路線バス維持へ新たな一手!呼び出し型バス本格運行へ
茨城県の北東部に位置する高萩市。山や海に囲まれた自然豊かなこの土地にはおよそ2万6,000人が住んでいます。
いま市民の足として活躍しているのがとあるバス。一般的な路線バスに見えますが利用者にとって便利なあるサービスが…
利用客

アプリで呼んで、その時間に合わせてバスが来る。
専用のアプリを使って対象エリア内の乗りたい場所と降りたい場所を選ぶと10分程度でバスが到着。1回の乗車につき300円で目的地まで送り届けてくれるのです。
バスには他のお客さんとの乗り合いが可能。複数のお客さんのリクエストに対してAI(人工知能)が最適なルートやダイヤを導き出してくれます。
このサービスを展開しているのは公共交通事業を手掛けるみちのりホールディングスの傘下のバス会社「茨城交通」。
現在は実証実験中ですが10月から本格運行させると8月29日に発表しました。
茨城交通
任田正史社長

昼間は1時間に1本とか路線によっては2時間に1本とか非常に使いづらかった。
前よりも乗車人数が上回るようになり、まだまだ増えていく余地がある。
通勤や通学の利用者がいる朝と夕方は定期ルートを走る路線バスとして運行する一方、お客さんが少ない日中の時間帯の有効活用を狙ったこのサービス、これまで90人程度だった平日・日中の利用者は111人と1.3倍に増加したといいます。
利用者

運転できないから、いつも「のるるバス」を使っている。
利用者増加のカギの一つが新たなバス停の設置です。
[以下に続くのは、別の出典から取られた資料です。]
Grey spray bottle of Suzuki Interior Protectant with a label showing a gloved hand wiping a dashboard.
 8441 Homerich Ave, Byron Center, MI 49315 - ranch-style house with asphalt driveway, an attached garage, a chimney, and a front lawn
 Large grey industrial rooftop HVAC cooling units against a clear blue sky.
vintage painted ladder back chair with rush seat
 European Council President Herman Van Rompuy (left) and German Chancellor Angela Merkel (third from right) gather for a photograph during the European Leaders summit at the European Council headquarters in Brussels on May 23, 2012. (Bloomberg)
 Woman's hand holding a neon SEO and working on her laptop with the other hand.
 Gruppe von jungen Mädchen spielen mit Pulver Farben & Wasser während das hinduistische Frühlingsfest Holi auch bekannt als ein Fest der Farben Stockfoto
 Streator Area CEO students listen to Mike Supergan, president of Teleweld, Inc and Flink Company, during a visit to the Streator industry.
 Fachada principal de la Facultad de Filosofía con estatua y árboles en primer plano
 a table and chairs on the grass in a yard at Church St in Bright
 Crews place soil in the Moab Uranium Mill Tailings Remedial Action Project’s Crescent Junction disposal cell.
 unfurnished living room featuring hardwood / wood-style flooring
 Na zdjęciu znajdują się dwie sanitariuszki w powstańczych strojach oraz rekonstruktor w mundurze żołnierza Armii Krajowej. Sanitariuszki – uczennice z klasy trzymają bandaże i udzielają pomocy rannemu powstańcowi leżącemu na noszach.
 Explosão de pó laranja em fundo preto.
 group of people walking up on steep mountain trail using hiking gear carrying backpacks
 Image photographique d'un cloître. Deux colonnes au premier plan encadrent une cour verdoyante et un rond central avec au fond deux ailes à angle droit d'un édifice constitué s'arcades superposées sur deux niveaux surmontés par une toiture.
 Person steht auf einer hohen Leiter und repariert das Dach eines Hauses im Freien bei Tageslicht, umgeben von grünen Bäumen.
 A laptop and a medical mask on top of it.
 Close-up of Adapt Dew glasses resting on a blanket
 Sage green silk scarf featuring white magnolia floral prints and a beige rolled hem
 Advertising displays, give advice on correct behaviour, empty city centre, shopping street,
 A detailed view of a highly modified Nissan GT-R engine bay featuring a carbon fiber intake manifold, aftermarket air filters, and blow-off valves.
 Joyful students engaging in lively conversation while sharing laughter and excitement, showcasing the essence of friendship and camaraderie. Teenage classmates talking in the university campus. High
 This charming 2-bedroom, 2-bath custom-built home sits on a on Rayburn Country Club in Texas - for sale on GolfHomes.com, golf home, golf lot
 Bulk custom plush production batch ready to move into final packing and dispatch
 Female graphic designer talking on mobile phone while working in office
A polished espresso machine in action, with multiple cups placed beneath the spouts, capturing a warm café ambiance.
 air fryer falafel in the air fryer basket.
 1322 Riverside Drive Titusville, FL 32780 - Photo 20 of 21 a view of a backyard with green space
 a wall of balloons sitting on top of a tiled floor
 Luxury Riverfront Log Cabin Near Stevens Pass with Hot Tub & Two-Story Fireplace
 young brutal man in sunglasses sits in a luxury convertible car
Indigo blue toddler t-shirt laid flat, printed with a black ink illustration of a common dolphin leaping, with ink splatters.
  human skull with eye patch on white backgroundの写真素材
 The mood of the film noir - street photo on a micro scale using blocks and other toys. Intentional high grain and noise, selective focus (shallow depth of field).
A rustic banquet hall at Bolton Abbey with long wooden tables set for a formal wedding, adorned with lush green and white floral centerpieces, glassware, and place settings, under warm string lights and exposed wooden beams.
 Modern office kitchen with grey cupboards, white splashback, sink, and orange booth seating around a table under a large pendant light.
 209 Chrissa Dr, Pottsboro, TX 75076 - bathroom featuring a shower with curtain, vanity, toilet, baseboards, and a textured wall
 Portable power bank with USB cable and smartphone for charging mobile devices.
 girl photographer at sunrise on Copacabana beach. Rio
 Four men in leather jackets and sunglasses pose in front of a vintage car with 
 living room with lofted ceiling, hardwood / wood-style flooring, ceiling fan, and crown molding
既存のバス停のほかに定期ルートを外れた場所などに141の仮想のバス停を追加で設置。お客さんに希望するより近い場所で乗り降りできる仕組みを取り入れました。
市内のショッピングセンターと自宅の往復でバスを利用していた女性も…
利用者

時間に追われないでバスの時間だからとバス停に急がなくていいから便利。
ただ、こんなハードルも…
利用者

できる人はアプリでやるのだろうけど、私はできないから電話をかけて予約する。
バスの呼び出しは電話でも行うことが可能。ただ、バス会社側でお客さんに代わってアプリに情報を打ち込むため人手が必要となります。
年配者の需要が多いと見込む一方でスマホアプリを使うサービスの性質上、課題も多いようです。
一方、地域住民の足を守るために年間3,000万円以上を負担してきた高萩市からは期待の声も。
高萩市
大部勝規市長

相当な赤字を埋めるために補助金を投入して今まで走らせた。
要は空気を運んでいた。
補助金も少なくなり抑制される。すごく希望が持てる事業になった。
茨城交通によると路線の維持にかかるコストを売上げが上回る状況にはまだなっていませんが、今後赤字幅を減らすことは可能だといいます。
茨城交通の親会社であるみちのりホールディングスは今後、青森や岩手などで路線バスの維持に苦しむグループ企業に対してもこのサービスを導入していく考えです。
みちのりホールディングス
大下篤志ディレクター

高齢者はこれからも増えていくし、免許を返納する人もいる。
公共交通の利用者はこれからも増えていくと思っている。
自治体とそのエリアに一番合った導入の仕方を模索して持続的な公共交通を構築していきたい。